A slightly less important point is that we only need to consider even permutations of corners or edges. We know that the edge and corner permutations are either both even or both odd. If they’re odd, twist one side and now they’re both even.

Now, let’s solve the edge group. The maneuver
$e_F=RUD^{-1}FUD^{-1}LUD^{-1}BUD^{-1}R^{-1}U^{-1}DB^{-1}U^{-1}DL^{-1}U^{-1}DF^{-1}U^{-1}D$
has effect $(+fr)(+br)$, flipping two edge cubies, while the maneuver
$e_3=R^2UD^{-1}F^2U^{-1}D$
has effect $(fr\,br\,fl)$, performing a cycle of three edges. This is all we need, because $3$-cycles are enough to generate all even permutations, and one 3-cycle gives us all of them. Similarly, being able to flip two edges gives us all edge flips with zero total flipping.

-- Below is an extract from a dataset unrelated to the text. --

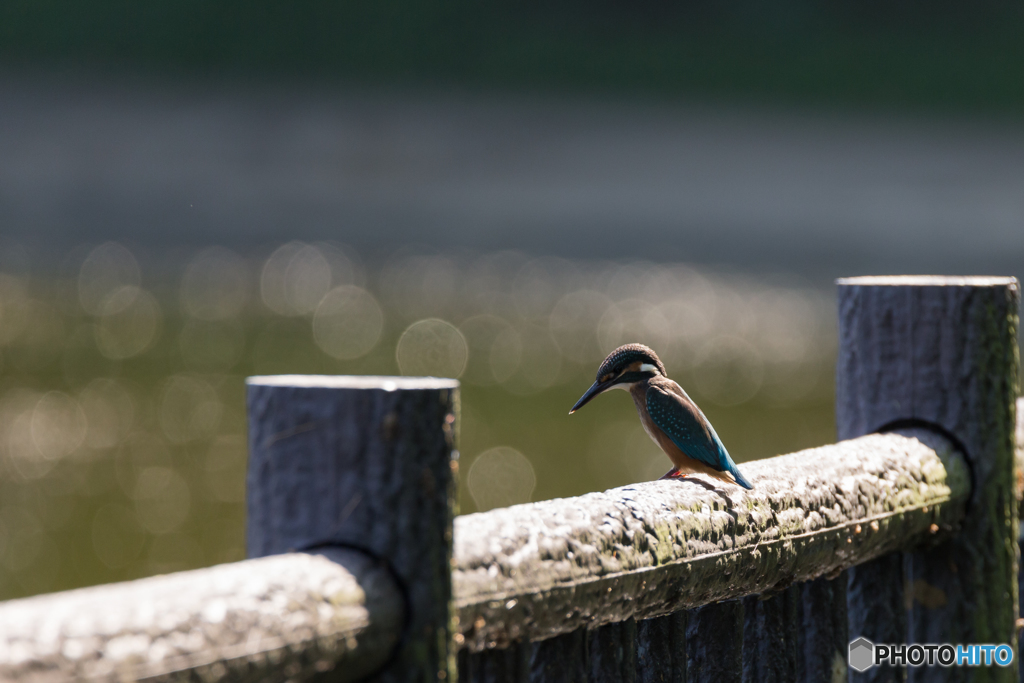 Kingfisher Snap #3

How does this work? First, forget the orientation of the edges and just consider which places around the cube they’re in. This is some even permutation from the solved state, so it’s made up of a bunch of cycles of odd length and pairs of cycles of even length. Consider an odd-length cycle $(a_1\,a_2\,...\,a_k)$. If we compose this with the $3$-cycle $(a_k\,a_{k-1}\,a_{k-2})$, we get $(a_1\,a_2\,...\,a_{k-2})$. This is again an odd-length cycle, but two shorter. If we keep doing this we can shrink any odd cycle down to a $3$-cycle. On the other hand, we have the composition $(a_1\,a_2\,a_3)(a_2\,a_3\,a_4)=(a_1\,a_2)(a_3\,a_4)$, so we can build a pair of $2$-cycles from $3$-cycles. We can use these to shrink a pair of even-length cycles into a pair of odd-length cycles, and then shrink those into $3$-cycles. In the end, every even permutation can be written as a product of $3$-cycles.

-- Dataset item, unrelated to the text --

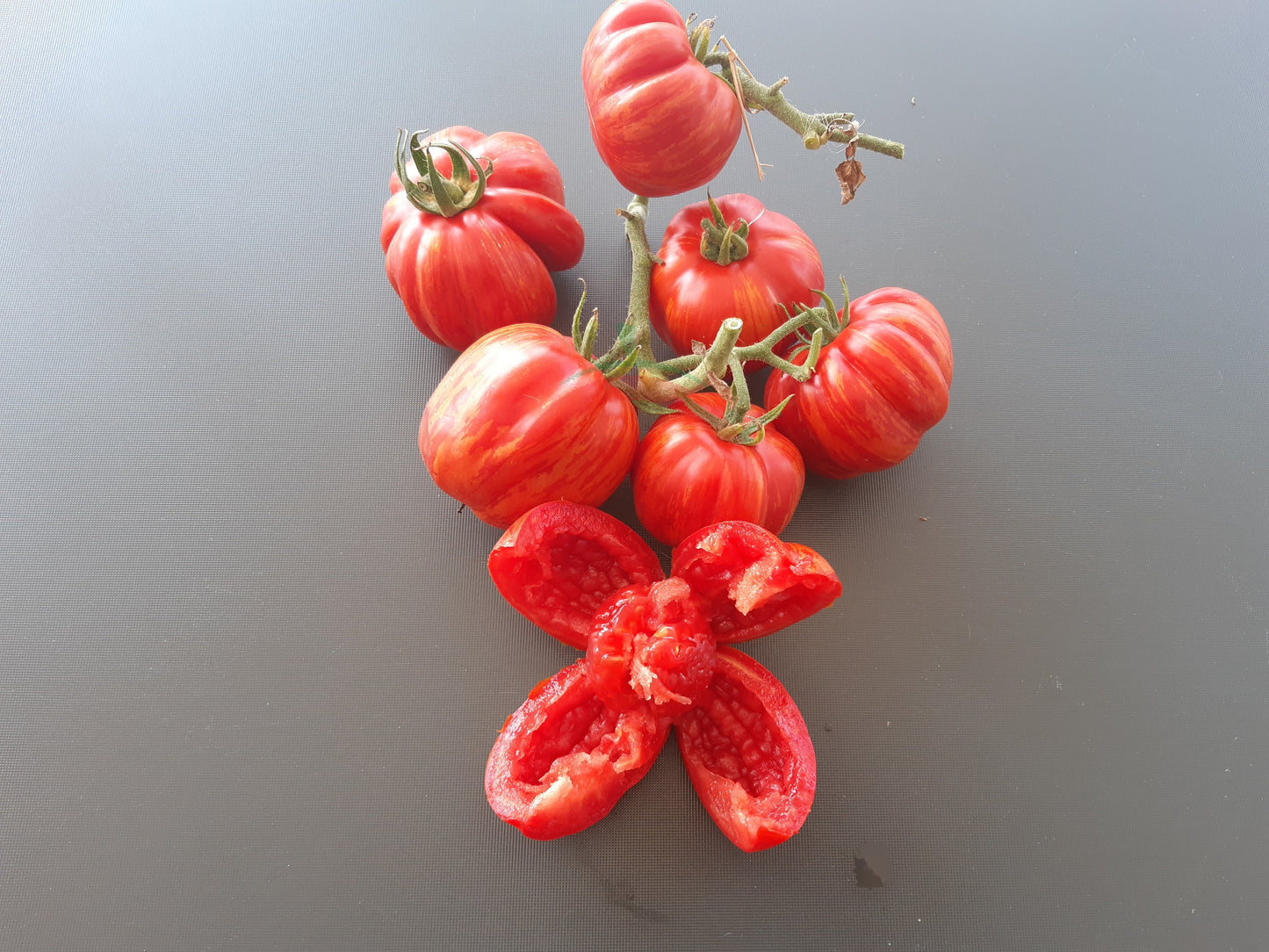 Red Cavern DER TOMATENFLÜSTERER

And now since we can move any three cubies anywhere we want, one $3$-cycle gives us all of them. Let’s pick three — say $ub$, $br$, and $df$ — and a maneuver $m$ that sends $ub$ to $fr$, leaves $br$ alone, and sends $df$ to $fl$. Such a maneuver will always exist, though it may mess up other parts of the cube. Now conjugate $e_3$ by $M$. We know what conjugation in symmetric groups does: it replaces the entries in the cycle notation. So the maneuver $me_3m^{-1}$ has the effect $(ub\,br\,df)$, and we can do something similar to make any $3$-cycle we might want. So we can make any even edge permutation we want, and adding a twist makes the odd permutations.

The same sort of thing works for edge flips. Take any pair of edges you want to flip, move them to $fr$ and $br$, flip them with $e_F$, and move them back where they started. We can make any flips we need like this.

Together what this says is that the edge group of the Rubik’s cube lives in the wreath product of $S_{12}$ and $\mathbb{Z}_2$: twelve copies of $\mathbb{Z}_2$ for the flips, permuted by the action of $S_{12}$. Specifically, the edge group is the subgroup with total flip zero. We call this group $E$, and we know $E\subseteq S_{12}\wr\mathbb{Z}_2$ as a subgroup of order $2$.

A very similar argument gives us the corner group. The maneuver
$c_T=R^{-1}D^2RB^{-1}U^2BR^{-1}D^2RB^{-1}U^2B$
has the effect $(+urf)(-dlb)$, twisting two corners in opposite directions, while
$c_3=R^{-1}DRUR^{-1}D^{-1}RU^{-1}$
has the effect $(urf\,ubr\,lfd)$, performing a $3$-cycle on the corners. Conjugations now give us all $3$-cycles, and these make all even corner permutations, and turning one more face makes all corner permutations. Conjugations also can give us all corner twists with zero total twist. This gives the corner group $C\subseteq S_8\wr\mathbb{Z}_3$ as a subgroup of order $3$.

Putting these two together we get the entire Rubik’s Group $G\subseteq E\times C$ as a subgroup of order $2$. Here it’s a subgroup because we can only use maneuvers with the edge and corner permutations either both even or both odd, not one of each.

This result gives us an algorithm to solve the cube!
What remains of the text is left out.